DATA »
BEGIN

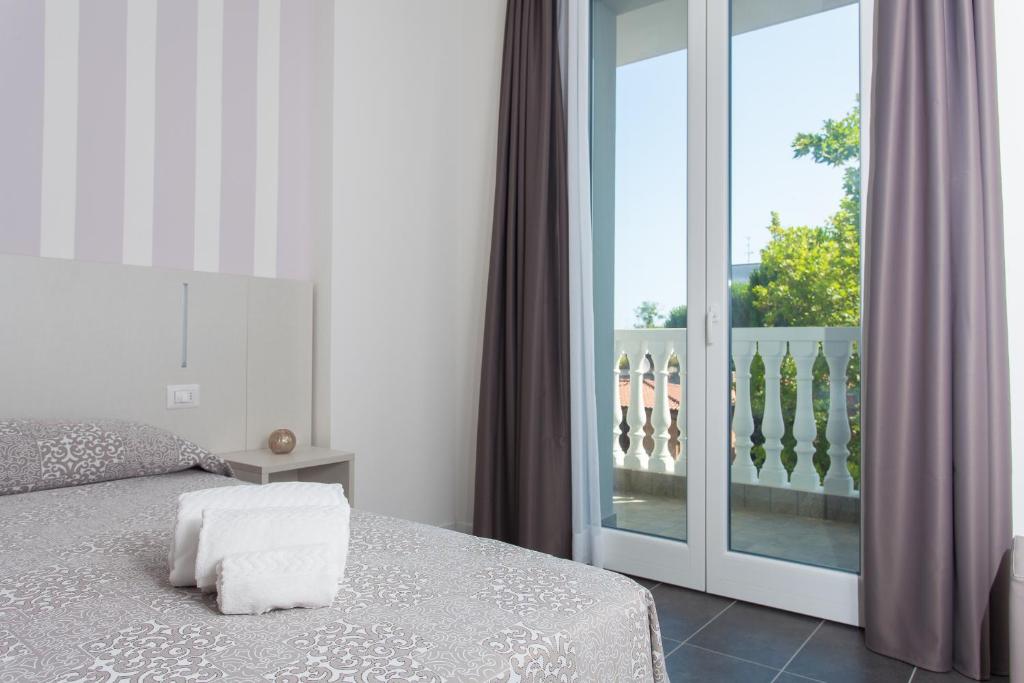 Postel nebo postele na pokoji v ubytování Hotel Star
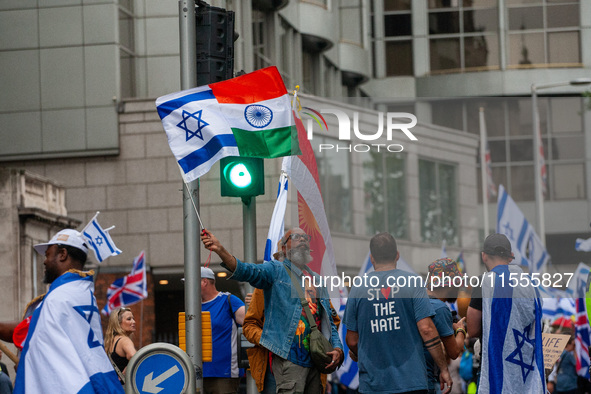 A pro-Israel protester holds a joint Israel-India flag during a counter-protest to the pro-Palestinian National Day of Action for Palestine...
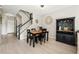 Bright dining area featuring stylish décor and a staircase at 6980 Ulmerton Rd # 8C, Largo, FL 33771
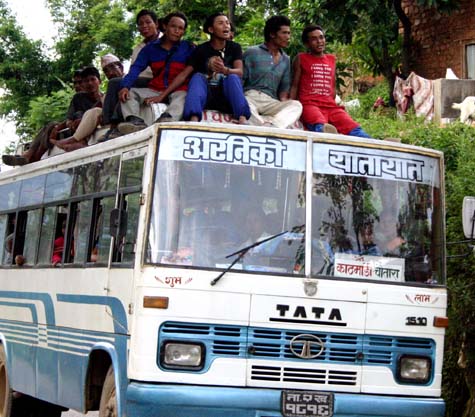 Riding the bus to Ganesh's village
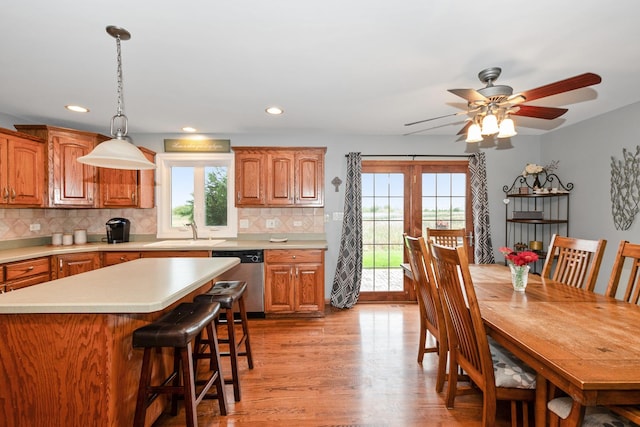 8147 Nielsen Dr, Tinley Park, IL 60477 - kitchen with dishwasher, light wood-style floors, light countertops, tasteful backsplash, and recessed lighting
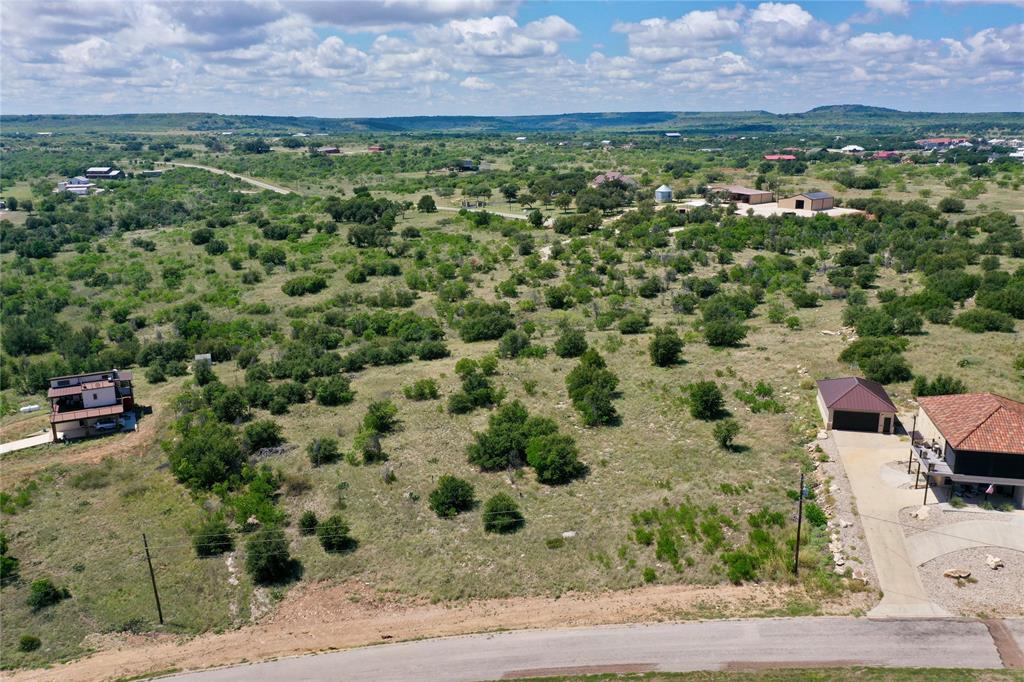 7084 Hells Gate Loop Strawn, TX 76475 - Photo 5 of 12 an aerial view of a house with a yard
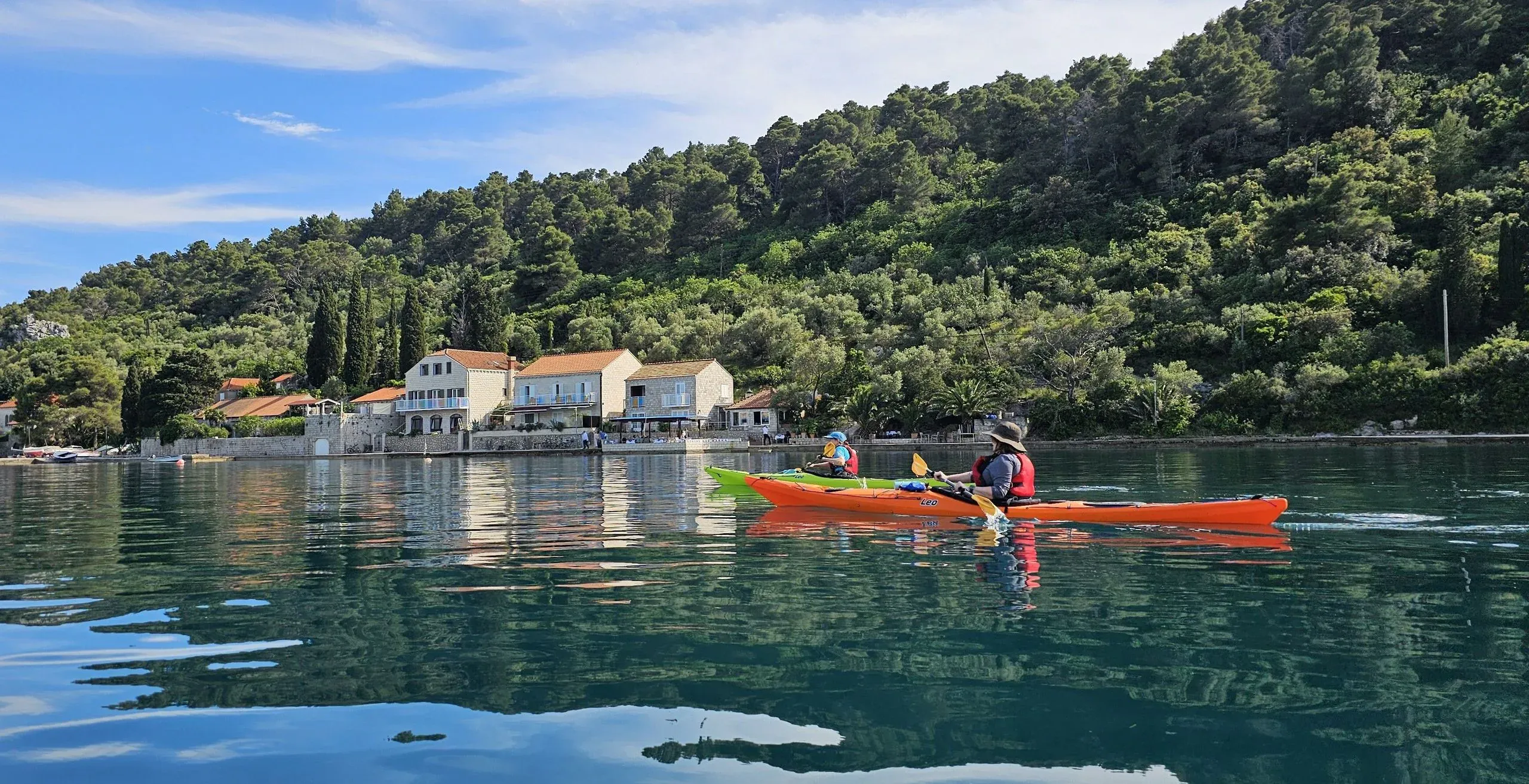 A kayaker in an orange sea kayak passing a waterfront villa below a wooded hillside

END

PROBLEM TO WORK ON » Everything in the records should be repeated exactly except the images.

ANSWER TO THIS EXERCISE »
 Postel nebo postele na pokoji v ubytování Hotel Star
 A pro-Israel protester holds a joint Israel-India flag during a counter-protest to the pro-Palestinian National Day of Action for Palestine...
 Bright dining area featuring stylish décor and a staircase at 6980 Ulmerton Rd # 8C, Largo, FL 33771
 Riding the bus to Ganesh's village
 8147 Nielsen Dr, Tinley Park, IL 60477 - kitchen with dishwasher, light wood-style floors, light countertops, tasteful backsplash, and recessed lighting
 7084 Hells Gate Loop Strawn, TX 76475 - Photo 5 of 12 an aerial view of a house with a yard
 A kayaker in an orange sea kayak passing a waterfront villa below a wooded hillside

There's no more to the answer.